Re: First thoughts on Lion
- From: Daniel Johnson <danieljohnson2@xxxxxxxxxxx>
- Date: Thu, 21 Oct 2010 05:59:18 -0400
On Wed, 20 Oct 2010 16:06:54 -0700, Snit
<usenet@xxxxxxxxxxxxxxxxxxxxx> wrote:
While it is perhaps too soon to know, I think I may be able to add
10.7 Lion to the list of treading-water OS X releases that show how
Apple just doesn't care about the Mac anymore.
This makes me glow inside. Or maybe that's the dark side of the force.
Does not care? It has been growing very rapidly for years. Clearly they
care.
Perhaps they care about the money, but they sure aren't putting a lot
of visible effort into the Mac. Three dud OS X releases in a row? And
they've been leaving their hardware to stagnate for long periods too:
consider how long the original Air was left unrefreshed.
[snip]
They got people to use their app-store on iOS by forbidding anything
else. They might try something more subtle than that here, but I doubt
it. Why change what (from their point of view) worked?
Why try this when it is not likely to work? I see no reason to think they
are heading this way.
There have been a lot of signs of the iPodification of the Mac; too
many to ignore in my view.
I think the direction Apple is moving is prety clear.
[snip]
Not really like the Start menu at all... close to the Start menu is adding
aliases to a folder for the dock, I guess. This is almost exactly like iOS.
If it's not a Start-menu-like list-of-all-installed apps, what is it
for?
Well, so is the Applications folder... hardly Start-menu like. And the
Start Menu does not list all apps.
The start menu is meant to list all apps, and it does so well enough.
I don't think Apple's start-menu-alike will be perfect, either.
Still, I ask again: If this Launchpad is not a master list of apps,
what is it for?
Why would you use it instead of the dock? What's the attraction
here?
Easier grouping... full screen so more room for organizing... different
screens for other grouping.
Is it hard to group things in the dock? Is there some reason to want
"other grouping", or is that just more gratuitious inconsistency?
I mean, it's not like "folders" are some shocking new innovation!
[snip]
No? What is the difference? Just the full screen mode thing?
And the whole UI. Other than the idea of launching an app, how is it the
same as anything on Windows? I do not see it at all.
It looked to me like it included all apps you have, where on OS X
otherwise only lists subsets. I do see value in that.
[snip]
It's a global mode. There was a time Apple knew that was a bad thing
in itself.
How is it bad. Just saying it is a a global mode does not make it bad... it
is not like it stops you from doing other things.
This is a pretty basic UI principal from way back. It's been
researched to death.
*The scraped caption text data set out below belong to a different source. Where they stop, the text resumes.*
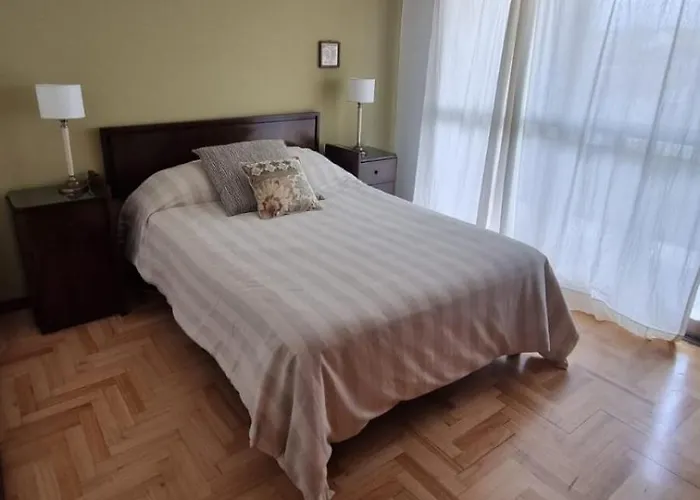 Departamento Varese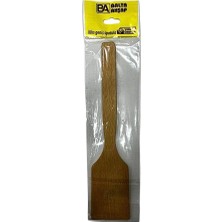 Royaleks Lüks Geniş Spatula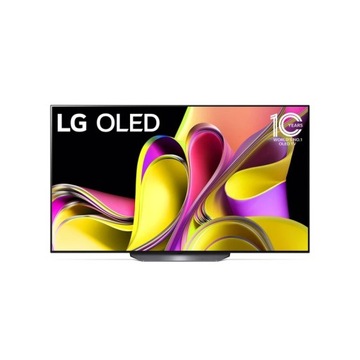 77-дюймовый телевизор LG OLED77B33LA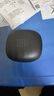 JBL T280TWS X3真無線藍(lán)牙耳機(jī) 國家補(bǔ)貼 半入耳式音樂通話降噪防水防汗游戲耳麥 蘋果安卓通用 黑 曬單實(shí)拍圖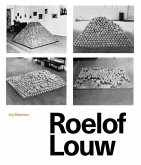 Five Sites for Five Sculptures: Roelof Louw and British Sculpture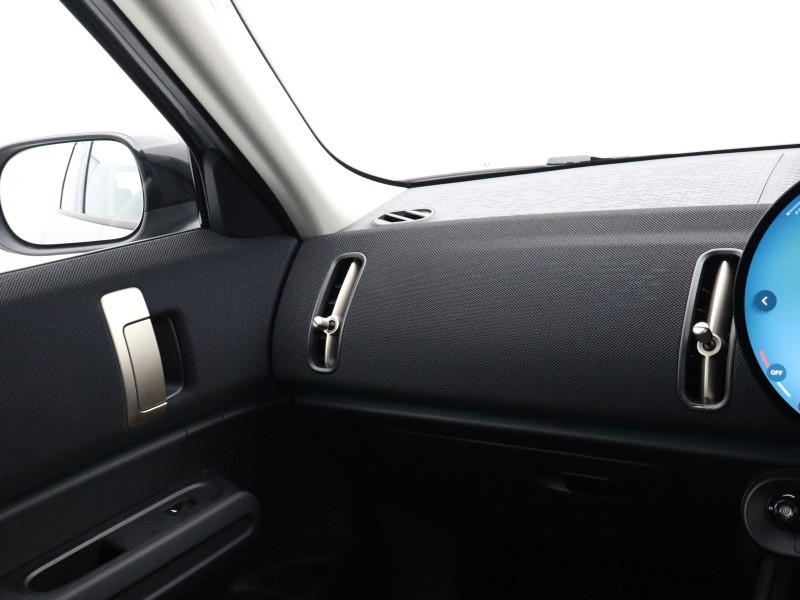 Used MINI Countryman 2024 for sale - 78199141: Photo 23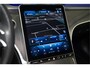 Mercedes-Benz C-klasse 200 AMG Premium+ 204PK | Pano | Sfeer | Burmester | Memory | ACC+Dodehoek | Fabrieksgarantie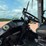 doosan-dl220-5-image-53
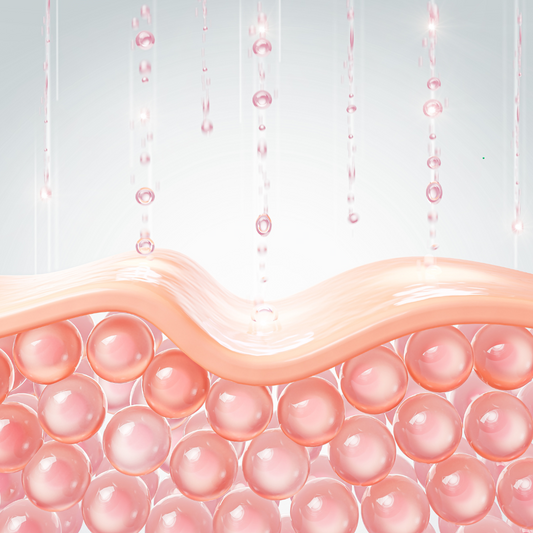 Acide salicylique | efficacité contre acné, points noirs et imperfections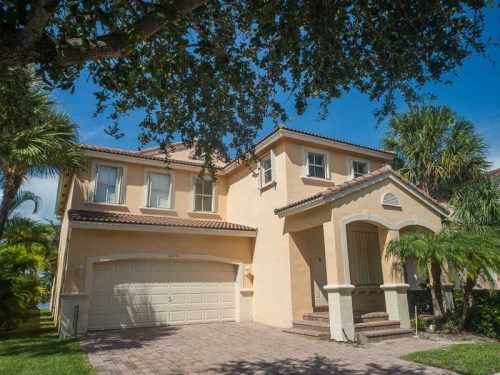 6775 JACQUES WY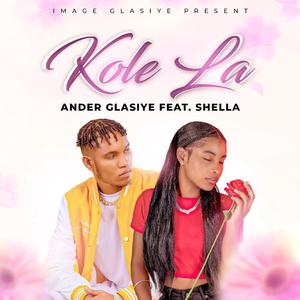 KOLE LA (feat. Shella)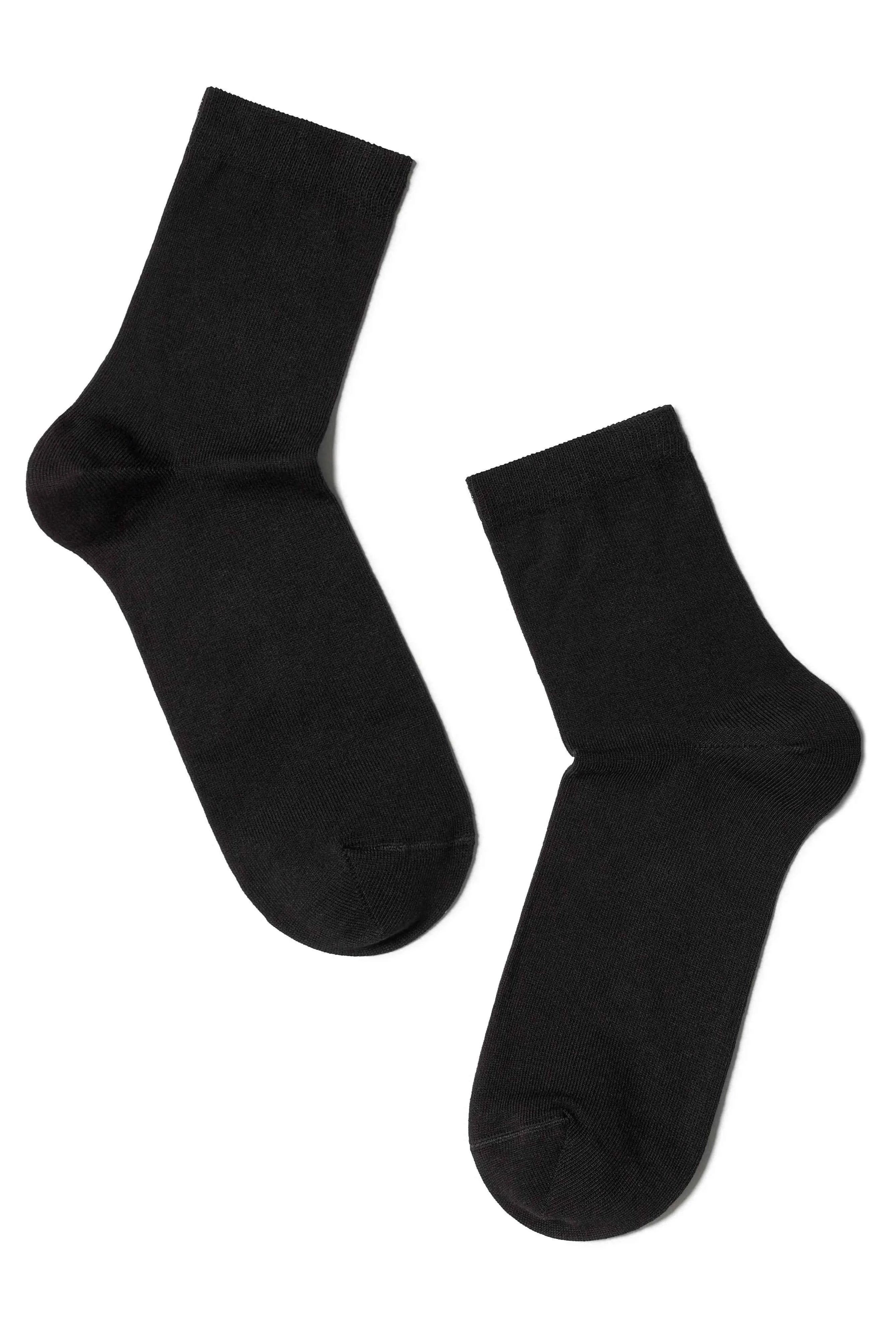 Conte Cotton Women&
I really shouldn't have to prove this to you.
And that's for *well done* global modes, with consistent UI
conventions. If you have to learn a new way to exit each new mode,
it's just a new level of terrible. And that seems to be what's
happening here.
Also isn't very consistent with the Finder or the Dock, which provide
similar functionality. Does it not smack of gratuitous inconsistency
to you? I know you care about that.
What is it inconsistent with? There is nothing else like it on the OS.
I just said: the dock and the finder. The other program launchers.
What else are you going to be doing as you open an app?
Using some other app, naturally.
Hmmm, I think you would have to open it again (or use a different way of
opening the app). We will have to wait and see though.
Well, we can at least hope that the launchpad 'mode' will close while
the new app launches. If it doesn't, that would be really awful.
Multitasking is pretty commonplace, and even I'm not so cynical as to think
Apple will take that away from the Mac!
People serial task... and this does not diminish that. Even enhances it
(makes jumping to other tasks easier).
No, it really doesn't. Launchpad looks like a terrible way to switch
between tasks, and you still have the dock to use for that.
[snip]
Maximize is full screen. Yeah, most apps do leave you with a title bar
still, and the taskbar.
IE has full screen and maximize modes. They are different.
Yeah. The 'full screen' mode is little used and not very useful, since
it hides all of the UI pretty much. Normal maximization is almost
always preferable, and that goes for web browsers.
But when its appropriate, the maximize button will take an app "all
the way". Maximize a Remote Desktop window, and it will occupy the
whole screen, and cover your taskbar too. It even takes over various
window-control keyboard shortcuts. That's pretty extreme: even games
don't go that far.
So Windows is inconsistent with its maximize button... much as OS X
currently is with its green button (though Windows is not as bad)
Just a little; outside of games (which are indeed totally inconsistent
with everything), it's very rare for any app to do this.
Normal maximization is almost always what you want. It lets you use
your whole screen for one app, but leaves you with enough UI to switch
apps as normal, or to unmaximize again. It doesn't take away all your
familiar UI landmarks.
I should note than when I wrote that I hadn't seen the demo yet. I
have now, and good lord it's awful. What they showed is not
maximization done badly. The apps switch to a whole different UI, with
different (non-standard!) widgets and everything. You don't just lose
your familiar UI landmarks from the OS, but those in the app as well.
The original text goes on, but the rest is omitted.